The usage rather puzzled me. But then I noticed that such a woman, according to Grose, could also be called 'a Quicunque vult'. Then the denarius belatedly dropped.

Those familiar with the Book of Common Prayer will be aware of the 'Athanasian Creed', otherwise known by its first phrase as The Quicunque vult. 

These two words could rendered as "Whosoever wants [to be saved ... he must believe the Catholick Faith ... etc.]". 

However, to a sufficiently disordered mind ... 

What intrigues me is the little peephole this gives us into a Regency mindset. Regency bucks may have been mired in gambling, drinking, horses and whoring, yet they knew their Prayer Book well enough ... and their Latin ...

Are we to picture them in Church, when convention compelled them to attend, in a scene such as the one portrayed in that engaving by Hogarth? Did they, perhaps, when bored and with no other reading matter and no girl in sight worth ogling, browse through their Prayer Books?

I will own up to having whiled away excruciating sermons by calculating (from the extensive data provided at the beginning of the Prayer Book) the date of Easter.

Interesting, how religion can so permeate even the libertine classes.

The many terms in Grose for women also induce in me this sobering thought: they seem so full of desire and so full of hatred. As if those same libertine classes were driven by the extremity of their lust to resent and to hate the figures who inspired it.

Are promiscuity and misogyny inevitable bedfellows?




14 comments:

fitzhamilton said...

I'm roughly three years into my departure from the New Order for the old. It took a while for it to make sense to me. I'd gone eastward first, the eastern liturgies were more immediately mysterious and accessible to me, somehow.

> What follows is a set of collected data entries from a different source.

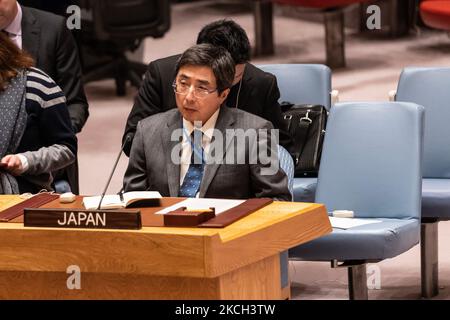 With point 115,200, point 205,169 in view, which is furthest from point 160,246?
point 205,169

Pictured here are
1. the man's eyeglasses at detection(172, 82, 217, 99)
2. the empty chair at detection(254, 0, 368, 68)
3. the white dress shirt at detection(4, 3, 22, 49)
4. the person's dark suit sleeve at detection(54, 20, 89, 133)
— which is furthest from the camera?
the empty chair at detection(254, 0, 368, 68)

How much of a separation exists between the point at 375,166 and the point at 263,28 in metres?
6.18

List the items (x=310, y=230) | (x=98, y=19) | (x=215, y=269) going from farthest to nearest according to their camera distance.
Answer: (x=98, y=19) → (x=310, y=230) → (x=215, y=269)

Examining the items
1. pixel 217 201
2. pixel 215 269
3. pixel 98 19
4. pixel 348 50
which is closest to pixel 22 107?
pixel 217 201

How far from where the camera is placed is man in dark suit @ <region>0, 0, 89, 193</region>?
234 inches

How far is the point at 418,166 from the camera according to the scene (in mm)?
5414

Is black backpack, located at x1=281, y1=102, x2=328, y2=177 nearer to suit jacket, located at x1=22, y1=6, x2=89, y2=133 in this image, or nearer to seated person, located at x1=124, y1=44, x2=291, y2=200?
suit jacket, located at x1=22, y1=6, x2=89, y2=133

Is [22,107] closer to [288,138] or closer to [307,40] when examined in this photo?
[288,138]

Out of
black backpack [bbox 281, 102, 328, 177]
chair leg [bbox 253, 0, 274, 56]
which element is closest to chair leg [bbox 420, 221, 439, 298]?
black backpack [bbox 281, 102, 328, 177]

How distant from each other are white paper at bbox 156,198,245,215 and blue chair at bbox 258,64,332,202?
2.03 meters

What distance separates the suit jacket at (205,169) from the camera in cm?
472

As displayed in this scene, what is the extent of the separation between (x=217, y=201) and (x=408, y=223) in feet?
3.99

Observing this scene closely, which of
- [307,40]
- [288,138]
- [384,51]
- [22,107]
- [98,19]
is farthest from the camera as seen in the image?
[307,40]

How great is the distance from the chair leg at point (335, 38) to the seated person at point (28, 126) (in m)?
5.65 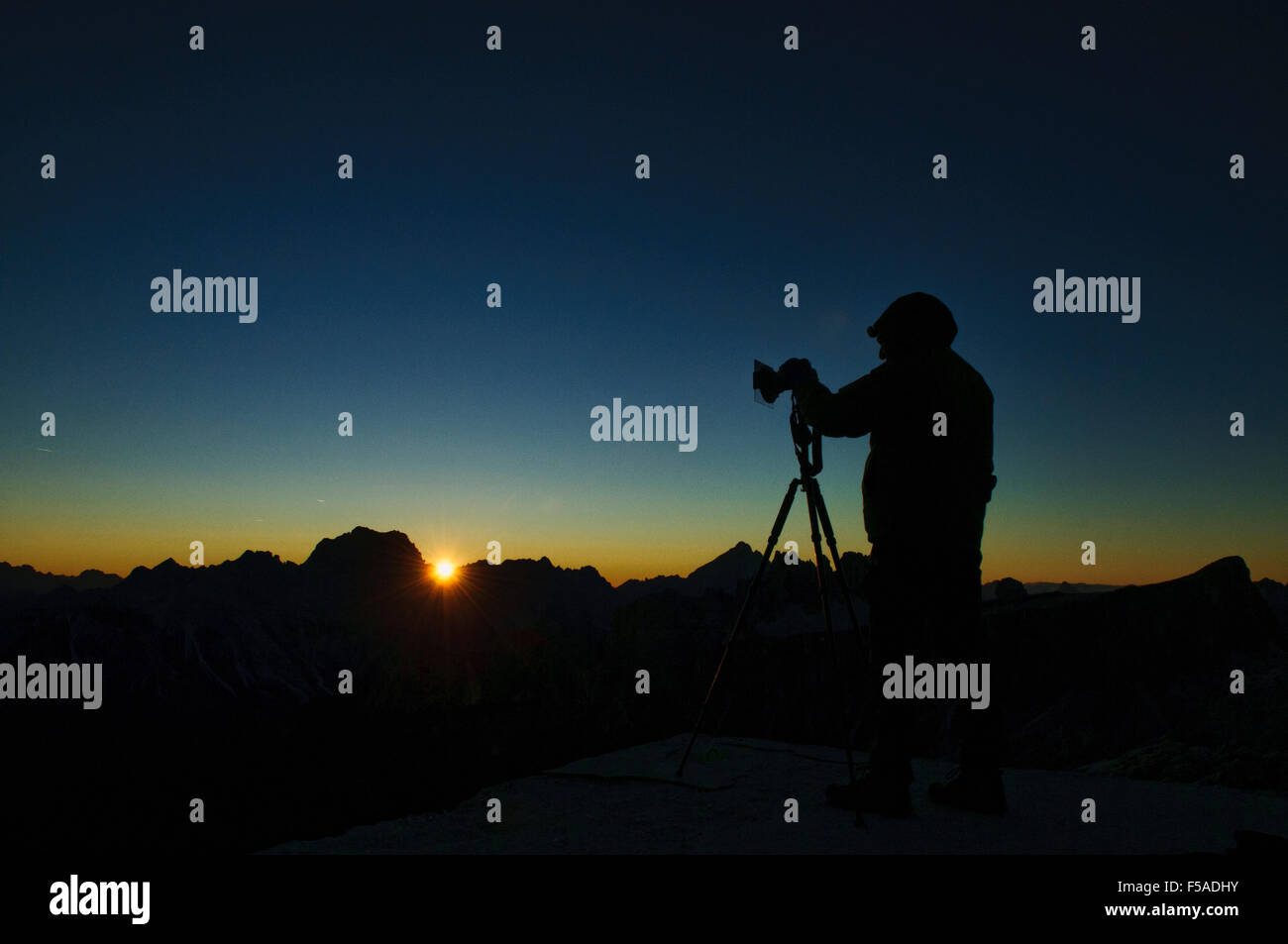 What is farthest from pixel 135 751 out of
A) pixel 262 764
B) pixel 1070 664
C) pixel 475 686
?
pixel 1070 664

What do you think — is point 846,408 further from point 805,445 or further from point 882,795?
point 882,795

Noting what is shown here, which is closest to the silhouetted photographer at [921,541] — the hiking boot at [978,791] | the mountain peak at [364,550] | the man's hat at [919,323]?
the hiking boot at [978,791]

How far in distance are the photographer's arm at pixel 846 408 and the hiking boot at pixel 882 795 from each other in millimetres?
2040

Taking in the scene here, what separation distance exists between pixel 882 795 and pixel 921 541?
1500 mm

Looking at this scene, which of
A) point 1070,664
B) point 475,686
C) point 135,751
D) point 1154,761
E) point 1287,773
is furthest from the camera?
point 475,686

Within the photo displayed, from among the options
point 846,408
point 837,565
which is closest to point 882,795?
point 837,565

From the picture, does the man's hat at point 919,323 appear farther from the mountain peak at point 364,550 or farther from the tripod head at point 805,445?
the mountain peak at point 364,550
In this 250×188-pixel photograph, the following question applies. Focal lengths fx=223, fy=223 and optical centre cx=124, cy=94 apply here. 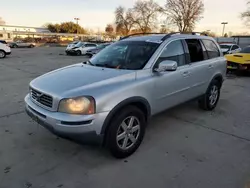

It took me until this past year to really begin to enter into the ancient Roman ritual, so that it began to resonate, my prayer to expand. This evening, at consecration, the choir singing.. It was transcendental in the most pellucid sense.

There is no way I'll return to the Neuordnung. If they try and force me, well..

The result will be schism. One in which certain daft doughy tergiversatory (turning away from the Son rising, from the East) prelates may be presiding over Presbyterian, Lutheran, Anglican rites dripping tar while waving away feathers.

Caveant clerici.

Tim O. said...

The beauty of your observation regarding misogyny is that it's both temporal and spiritual (a la chasing after the flirtatious gods of this world)

Fr William Bauer said...

As you Fr know (as an ex Anglican) you celebrate Mass which is quite similar to the TLM. I do too. I guess we are old. I saw yesterday at Mass: as 23 year old, a 37 year old, a 38 year old, an 8 year old and more. They might be old too, but will have a chance to live forever in a land without time.

John Patrick said...

It's almost funny how this old chestnut about the Traditional Latin Mass being for the older people that can't change being trotted out every few years. Especially since the majority of older people I run into at church strike me as being totally happy with the Paul VI Mass. No more lengthy kneeling! No more confession! I get to see what the priest is doing! I get to take the wafer in my hand and to drink the wine! The number that can actually remember the TLM is shrinking rapidly: you would have to be at least 65 and even then the winds of change were already sweeping through the churches as you received your First Communion.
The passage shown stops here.